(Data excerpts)

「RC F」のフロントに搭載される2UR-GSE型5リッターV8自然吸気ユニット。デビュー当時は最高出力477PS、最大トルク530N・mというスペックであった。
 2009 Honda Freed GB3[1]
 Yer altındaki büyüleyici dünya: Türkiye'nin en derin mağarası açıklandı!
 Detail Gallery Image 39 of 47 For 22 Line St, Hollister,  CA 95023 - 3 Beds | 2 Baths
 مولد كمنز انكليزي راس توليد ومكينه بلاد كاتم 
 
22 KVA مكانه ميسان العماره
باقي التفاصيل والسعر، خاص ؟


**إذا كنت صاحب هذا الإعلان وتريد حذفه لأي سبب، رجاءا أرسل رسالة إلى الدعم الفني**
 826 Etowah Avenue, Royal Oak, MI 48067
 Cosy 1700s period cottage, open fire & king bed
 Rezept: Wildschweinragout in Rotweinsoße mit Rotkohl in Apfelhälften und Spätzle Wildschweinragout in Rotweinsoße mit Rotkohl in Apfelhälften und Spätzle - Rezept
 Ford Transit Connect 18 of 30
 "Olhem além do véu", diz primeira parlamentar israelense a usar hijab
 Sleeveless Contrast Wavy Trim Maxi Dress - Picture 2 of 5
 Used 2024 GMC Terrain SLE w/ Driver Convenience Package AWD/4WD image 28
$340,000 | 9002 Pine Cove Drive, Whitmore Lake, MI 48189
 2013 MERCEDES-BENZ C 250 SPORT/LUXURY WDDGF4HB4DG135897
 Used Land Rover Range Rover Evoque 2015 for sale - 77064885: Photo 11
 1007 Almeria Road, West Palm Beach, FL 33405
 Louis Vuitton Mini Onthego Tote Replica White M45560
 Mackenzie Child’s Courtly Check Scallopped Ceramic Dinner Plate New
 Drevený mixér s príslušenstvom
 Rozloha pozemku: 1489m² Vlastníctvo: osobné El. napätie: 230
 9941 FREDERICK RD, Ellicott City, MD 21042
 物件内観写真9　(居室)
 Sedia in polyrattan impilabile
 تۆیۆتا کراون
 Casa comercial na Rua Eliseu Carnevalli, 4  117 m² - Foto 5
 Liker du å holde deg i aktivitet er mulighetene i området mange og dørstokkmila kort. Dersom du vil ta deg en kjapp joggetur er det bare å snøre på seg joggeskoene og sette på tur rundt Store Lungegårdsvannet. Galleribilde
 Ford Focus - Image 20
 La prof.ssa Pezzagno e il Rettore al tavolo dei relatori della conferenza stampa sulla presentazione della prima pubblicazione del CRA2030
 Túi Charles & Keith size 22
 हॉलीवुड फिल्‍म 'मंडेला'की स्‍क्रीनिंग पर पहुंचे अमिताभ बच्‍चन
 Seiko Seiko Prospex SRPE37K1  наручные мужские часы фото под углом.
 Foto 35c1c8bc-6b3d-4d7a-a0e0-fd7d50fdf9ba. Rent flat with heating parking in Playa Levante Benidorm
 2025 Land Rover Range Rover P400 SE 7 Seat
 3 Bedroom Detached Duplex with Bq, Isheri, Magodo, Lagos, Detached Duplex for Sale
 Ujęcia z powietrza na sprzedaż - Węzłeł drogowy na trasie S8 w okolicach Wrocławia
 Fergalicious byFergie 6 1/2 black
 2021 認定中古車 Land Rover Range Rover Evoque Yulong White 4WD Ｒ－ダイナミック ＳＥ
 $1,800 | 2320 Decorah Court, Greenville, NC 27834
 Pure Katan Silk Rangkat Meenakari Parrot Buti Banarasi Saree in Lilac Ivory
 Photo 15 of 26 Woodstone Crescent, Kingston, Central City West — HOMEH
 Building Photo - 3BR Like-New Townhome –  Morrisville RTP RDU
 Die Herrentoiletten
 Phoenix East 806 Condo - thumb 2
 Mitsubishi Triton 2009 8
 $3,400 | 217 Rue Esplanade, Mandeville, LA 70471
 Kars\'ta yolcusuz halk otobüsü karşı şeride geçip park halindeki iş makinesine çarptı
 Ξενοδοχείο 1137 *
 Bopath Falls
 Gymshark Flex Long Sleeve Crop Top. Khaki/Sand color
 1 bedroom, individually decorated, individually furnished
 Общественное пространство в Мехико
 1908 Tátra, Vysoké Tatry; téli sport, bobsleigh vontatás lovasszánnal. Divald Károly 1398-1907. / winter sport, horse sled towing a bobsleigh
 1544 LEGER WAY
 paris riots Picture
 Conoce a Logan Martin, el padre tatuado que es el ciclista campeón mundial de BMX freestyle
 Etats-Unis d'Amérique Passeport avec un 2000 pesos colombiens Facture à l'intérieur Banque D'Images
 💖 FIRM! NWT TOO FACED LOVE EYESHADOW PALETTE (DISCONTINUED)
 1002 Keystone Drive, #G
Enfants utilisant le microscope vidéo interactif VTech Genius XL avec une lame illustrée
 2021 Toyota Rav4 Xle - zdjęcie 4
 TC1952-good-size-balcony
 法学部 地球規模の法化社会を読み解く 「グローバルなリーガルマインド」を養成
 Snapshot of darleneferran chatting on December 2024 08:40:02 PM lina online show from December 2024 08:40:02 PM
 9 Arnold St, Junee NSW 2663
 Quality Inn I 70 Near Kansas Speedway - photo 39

WORK TO COMPLETE => The full set of records above must be retyped exactly.

YOUR RESPONSE =>
「RC F」のフロントに搭載される2UR-GSE型5リッターV8自然吸気ユニット。デビュー当時は最高出力477PS、最大トルク530N・mというスペックであった。
 2009 Honda Freed GB3[1]
 Yer altındaki büyüleyici dünya: Türkiye'nin en derin mağarası açıklandı!
 Detail Gallery Image 39 of 47 For 22 Line St, Hollister,  CA 95023 - 3 Beds | 2 Baths
 مولد كمنز انكليزي راس توليد ومكينه بلاد كاتم 
 
22 KVA مكانه ميسان العماره
باقي التفاصيل والسعر، خاص ؟


**إذا كنت صاحب هذا الإعلان وتريد حذفه لأي سبب، رجاءا أرسل رسالة إلى الدعم الفني**
 826 Etowah Avenue, Royal Oak, MI 48067
 Cosy 1700s period cottage, open fire & king bed
 Rezept: Wildschweinragout in Rotweinsoße mit Rotkohl in Apfelhälften und Spätzle Wildschweinragout in Rotweinsoße mit Rotkohl in Apfelhälften und Spätzle - Rezept
 Ford Transit Connect 18 of 30
 "Olhem além do véu", diz primeira parlamentar israelense a usar hijab
 Sleeveless Contrast Wavy Trim Maxi Dress - Picture 2 of 5
 Used 2024 GMC Terrain SLE w/ Driver Convenience Package AWD/4WD image 28
$340,000 | 9002 Pine Cove Drive, Whitmore Lake, MI 48189
 2013 MERCEDES-BENZ C 250 SPORT/LUXURY WDDGF4HB4DG135897
 Used Land Rover Range Rover Evoque 2015 for sale - 77064885: Photo 11
 1007 Almeria Road, West Palm Beach, FL 33405
 Louis Vuitton Mini Onthego Tote Replica White M45560
 Mackenzie Child’s Courtly Check Scallopped Ceramic Dinner Plate New
 Drevený mixér s príslušenstvom
 Rozloha pozemku: 1489m² Vlastníctvo: osobné El. napätie: 230
 9941 FREDERICK RD, Ellicott City, MD 21042
 物件内観写真9　(居室)
 Sedia in polyrattan impilabile
 تۆیۆتا کراون
 Casa comercial na Rua Eliseu Carnevalli, 4  117 m² - Foto 5
 Liker du å holde deg i aktivitet er mulighetene i området mange og dørstokkmila kort. Dersom du vil ta deg en kjapp joggetur er det bare å snøre på seg joggeskoene og sette på tur rundt Store Lungegårdsvannet. Galleribilde
 Ford Focus - Image 20
 La prof.ssa Pezzagno e il Rettore al tavolo dei relatori della conferenza stampa sulla presentazione della prima pubblicazione del CRA2030
 Túi Charles & Keith size 22
 हॉलीवुड फिल्‍म 'मंडेला'की स्‍क्रीनिंग पर पहुंचे अमिताभ बच्‍चन
 Seiko Seiko Prospex SRPE37K1  наручные мужские часы фото под углом.
 Foto 35c1c8bc-6b3d-4d7a-a0e0-fd7d50fdf9ba. Rent flat with heating parking in Playa Levante Benidorm
 2025 Land Rover Range Rover P400 SE 7 Seat
 3 Bedroom Detached Duplex with Bq, Isheri, Magodo, Lagos, Detached Duplex for Sale
 Ujęcia z powietrza na sprzedaż - Węzłeł drogowy na trasie S8 w okolicach Wrocławia
 Fergalicious byFergie 6 1/2 black
 2021 認定中古車 Land Rover Range Rover Evoque Yulong White 4WD Ｒ－ダイナミック ＳＥ
 $1,800 | 2320 Decorah Court, Greenville, NC 27834
 Pure Katan Silk Rangkat Meenakari Parrot Buti Banarasi Saree in Lilac Ivory
 Photo 15 of 26 Woodstone Crescent, Kingston, Central City West — HOMEH
 Building Photo - 3BR Like-New Townhome –  Morrisville RTP RDU
 Die Herrentoiletten
 Phoenix East 806 Condo - thumb 2
 Mitsubishi Triton 2009 8
 $3,400 | 217 Rue Esplanade, Mandeville, LA 70471
 Kars\'ta yolcusuz halk otobüsü karşı şeride geçip park halindeki iş makinesine çarptı
 Ξενοδοχείο 1137 *
 Bopath Falls
 Gymshark Flex Long Sleeve Crop Top. Khaki/Sand color
 1 bedroom, individually decorated, individually furnished
 Общественное пространство в Мехико
 1908 Tátra, Vysoké Tatry; téli sport, bobsleigh vontatás lovasszánnal. Divald Károly 1398-1907. / winter sport, horse sled towing a bobsleigh
 1544 LEGER WAY
 paris riots Picture
 Conoce a Logan Martin, el padre tatuado que es el ciclista campeón mundial de BMX freestyle
 Etats-Unis d'Amérique Passeport avec un 2000 pesos colombiens Facture à l'intérieur Banque D'Images
 💖 FIRM! NWT TOO FACED LOVE EYESHADOW PALETTE (DISCONTINUED)
 1002 Keystone Drive, #G
Enfants utilisant le microscope vidéo interactif VTech Genius XL avec une lame illustrée
 2021 Toyota Rav4 Xle - zdjęcie 4
 TC1952-good-size-balcony
 法学部 地球規模の法化社会を読み解く 「グローバルなリーガルマインド」を養成
 Snapshot of darleneferran chatting on December 2024 08:40:02 PM lina online show from December 2024 08:40:02 PM
 9 Arnold St, Junee NSW 2663
 Quality Inn I 70 Near Kansas Speedway - photo 39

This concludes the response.